▶ _Activity_
Only one span is wanted from the lines below: from the one with "4614 Metropolitan Avenue, Dallas, TX" up to and including the one with "ATHENA VALVE COVER GASKET YAM S410485015037". Copy it exactly, without images.

▶ _Records for this task_

• • • •

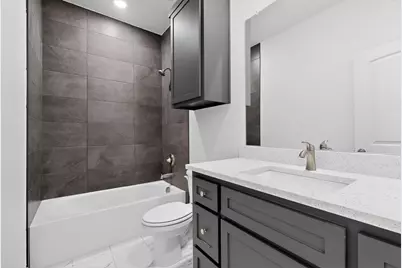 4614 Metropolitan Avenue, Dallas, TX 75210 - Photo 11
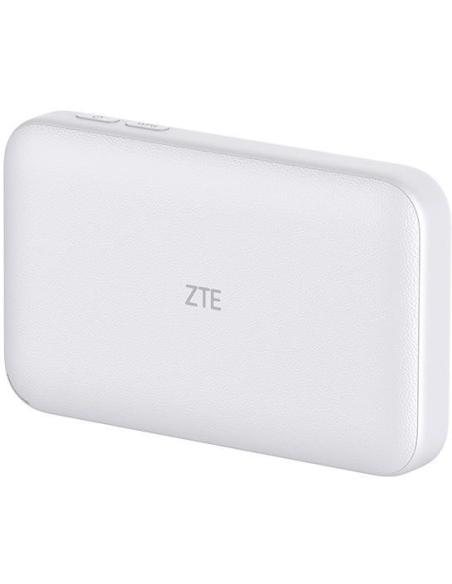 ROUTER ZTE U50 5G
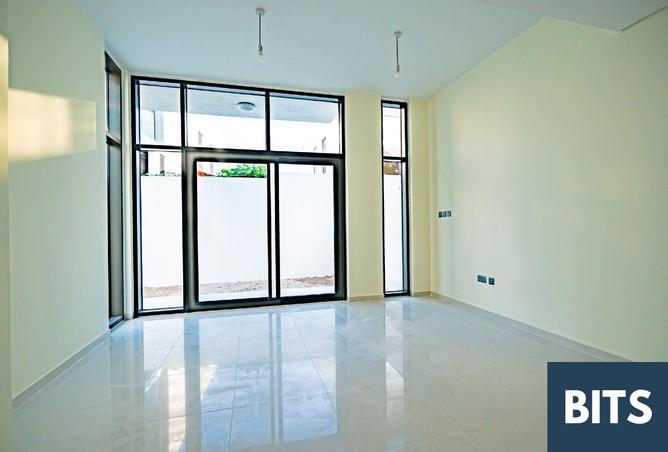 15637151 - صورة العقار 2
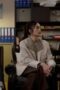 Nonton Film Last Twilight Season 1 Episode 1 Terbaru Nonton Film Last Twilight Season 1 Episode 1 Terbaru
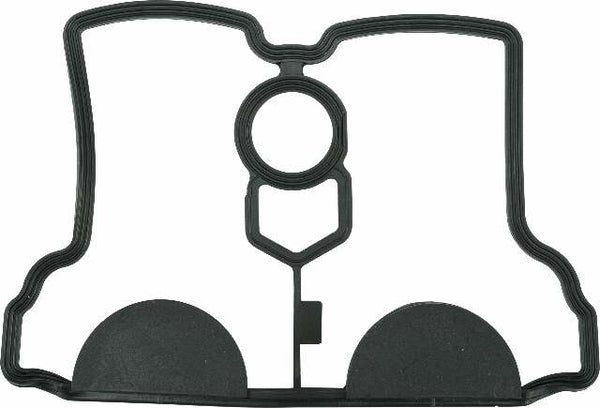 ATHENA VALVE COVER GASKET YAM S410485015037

• • • •

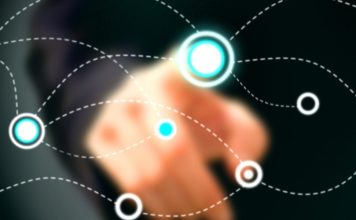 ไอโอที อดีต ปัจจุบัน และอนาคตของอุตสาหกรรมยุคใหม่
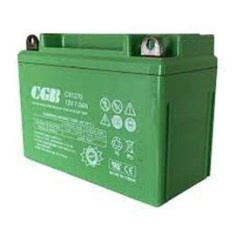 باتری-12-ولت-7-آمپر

• • • •

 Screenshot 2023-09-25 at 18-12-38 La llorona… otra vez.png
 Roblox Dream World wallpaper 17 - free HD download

• • • •

▶ _Output below_
 4614 Metropolitan Avenue, Dallas, TX 75210 - Photo 11
 ROUTER ZTE U50 5G
 15637151 - صورة العقار 2
 Nonton Film Last Twilight Season 1 Episode 1 Terbaru Nonton Film Last Twilight Season 1 Episode 1 Terbaru
 ATHENA VALVE COVER GASKET YAM S410485015037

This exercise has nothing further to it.